Source code for ruptures.costs.costrank

r"""
.. _sec-costrank:

Rank-based cost function
====================================================================================================

Description
----------------------------------------------------------------------------------------------------

This cost function detects general distribution changes in multivariate signals, using a rank transformation :cite:`rank-Lung-Yut-Fong2015`.
Formally, for a signal :math:`\{y_t\}_t` on an interval :math:`[a, b)`,

    .. math:: c_{rank}(a, b) = -(b - a) \bar{r}_{a..b}' \hat{\Sigma}_r^{-1} \bar{r}_{a..b}

where :math:`\bar{r}_{a..b}` is the empirical mean of the sub-signal
:math:`\{r_t\}_{t=a+1}^b`, and :math:`\hat{\Sigma}_r` is the covariance matrix of the
complete rank signal :math:`r`.

Usage
----------------------------------------------------------------------------------------------------

Start with the usual imports and create a signal.

.. code-block:: python

    import numpy as np
    import matplotlib.pylab as plt
    import ruptures as rpt
    # creation of data
    n, dim = 500, 3  # number of samples, dimension
    n_bkps, sigma = 3, 5  # number of change points, noise standard deviation
    signal, bkps = rpt.pw_constant(n, dim, n_bkps, noise_std=sigma)

Then create a :class:`CostRank` instance and print the cost of the sub-signal :code:`signal[50:150]`.

.. code-block:: python

    c = rpt.costs.CostRank().fit(signal)
    print(c.error(50, 150))


You can also compute the sum of costs for a given list of change points.

.. code-block:: python

    print(c.sum_of_costs(bkps))
    print(c.sum_of_costs([10, 100, 200, 250, n]))

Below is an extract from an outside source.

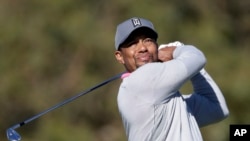 Tiger Woods bertanding di Farmers Insurance Open golf tournament, 27 Januari 2017 di Torrey Pines Golf Course in San Diego. (Foto:dok)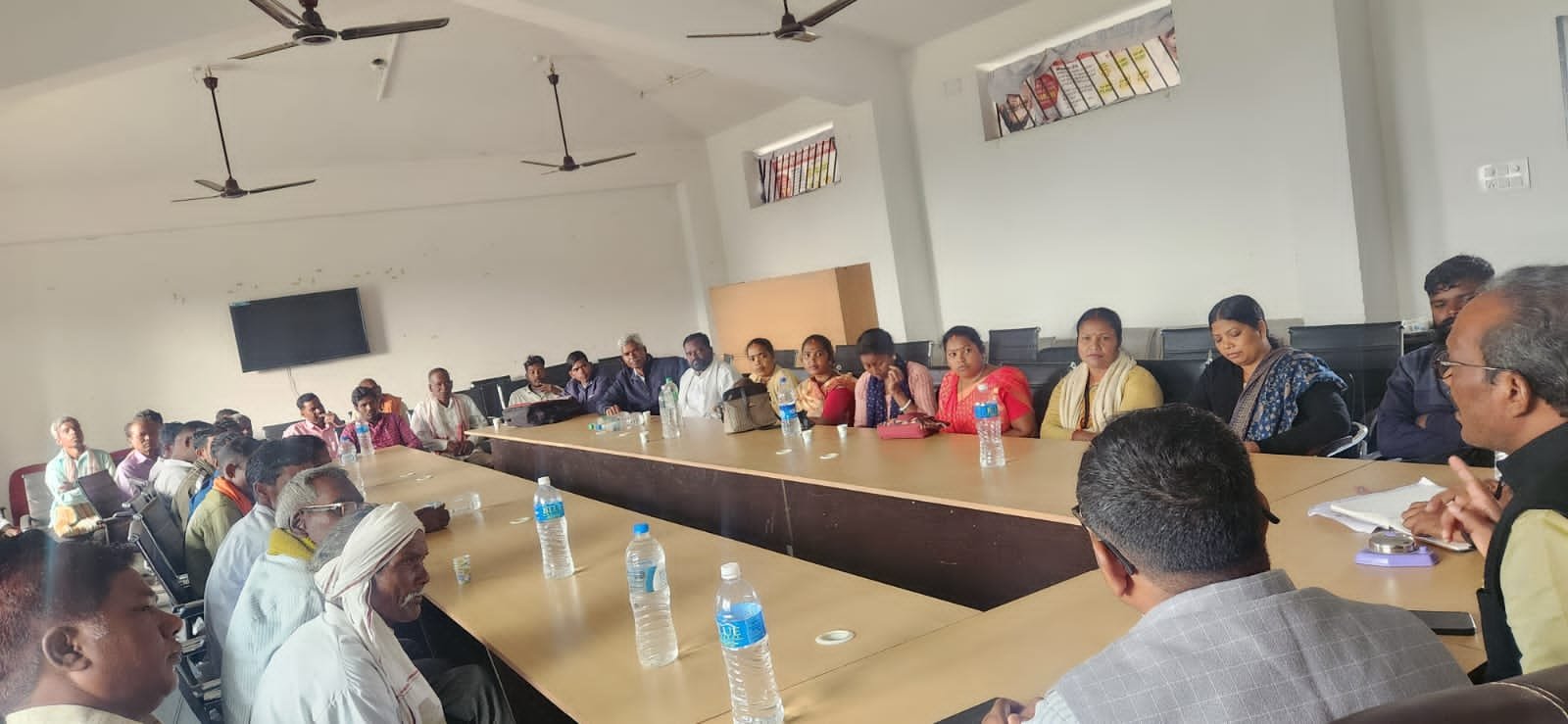 मुखिया और ग्राम प्रधान के साथ ग्रामीणों के विकास हेतु विधायक जिगा मुंडा के साथ बैठक संपन्न. मुखिया और ग्राम प्रधान के साथ ग्रामीणों के विकास हेतु विधायक जिगा मुंडा के साथ बैठक संपन्न.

In order to use this cost class in a change point detection algorithm (inheriting from :class:`BaseEstimator`), either pass a :class:`CostRank` instance (through the argument ``'custom_cost'``) or set :code:`model="rank"`.

.. code-block:: python

    c = rpt.costs.CostRank(); algo = rpt.Dynp(custom_cost=c)
    # is equivalent to
    algo = rpt.Dynp(model="rank")


Code explanation
----------------------------------------------------------------------------------------------------

.. autoclass:: ruptures.costs.CostRank
    :members:
    :special-members: __init__


.. rubric:: References

.. bibliography:: ../biblio.bib
    :style: alpha
    :cited:
    :labelprefix: RA
    :keyprefix: rank-
"""
import numpy as np
from numpy.linalg import pinv, LinAlgError
from scipy.stats.mstats import rankdata

from ruptures.base import BaseCost
from ruptures.costs import NotEnoughPoints


[docs]class CostRank(BaseCost):
    r"""
    Rank-based cost function
    """

    model = "rank"

[docs]    def __init__(self):
        self.inv_cov = None
        self.ranks = None
        self.min_size = 2

[docs]    def fit(self, signal):
        """Set parameters of the instance.

        Args:
            signal (array): signal. Shape (n_samples,) or (n_samples, n_features)

        Returns:
            self
        """
        if signal.ndim == 1:
            signal = signal.reshape(-1, 1)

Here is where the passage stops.